*SOURCE DATA*:
/---

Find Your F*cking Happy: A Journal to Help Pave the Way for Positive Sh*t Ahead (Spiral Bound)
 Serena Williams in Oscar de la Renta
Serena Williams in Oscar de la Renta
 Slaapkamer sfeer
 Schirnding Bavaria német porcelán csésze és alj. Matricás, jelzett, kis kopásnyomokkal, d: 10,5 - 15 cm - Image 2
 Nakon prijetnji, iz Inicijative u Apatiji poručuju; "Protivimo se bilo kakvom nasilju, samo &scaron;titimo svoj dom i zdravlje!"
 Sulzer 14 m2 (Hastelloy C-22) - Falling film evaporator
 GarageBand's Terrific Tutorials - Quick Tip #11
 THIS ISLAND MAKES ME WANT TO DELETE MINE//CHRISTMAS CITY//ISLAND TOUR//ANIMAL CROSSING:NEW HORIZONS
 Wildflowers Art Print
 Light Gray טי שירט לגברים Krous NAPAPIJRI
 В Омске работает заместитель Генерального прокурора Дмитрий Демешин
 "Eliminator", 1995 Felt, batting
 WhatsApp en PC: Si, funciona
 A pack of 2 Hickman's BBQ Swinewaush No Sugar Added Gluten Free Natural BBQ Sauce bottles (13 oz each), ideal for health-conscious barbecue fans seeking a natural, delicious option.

\---

*WHAT IS NEEDED*: Copy each line of the listing that carries the word "Serena".

*RESPONSE*:
 Serena Williams in Oscar de la Renta
Serena Williams in Oscar de la Renta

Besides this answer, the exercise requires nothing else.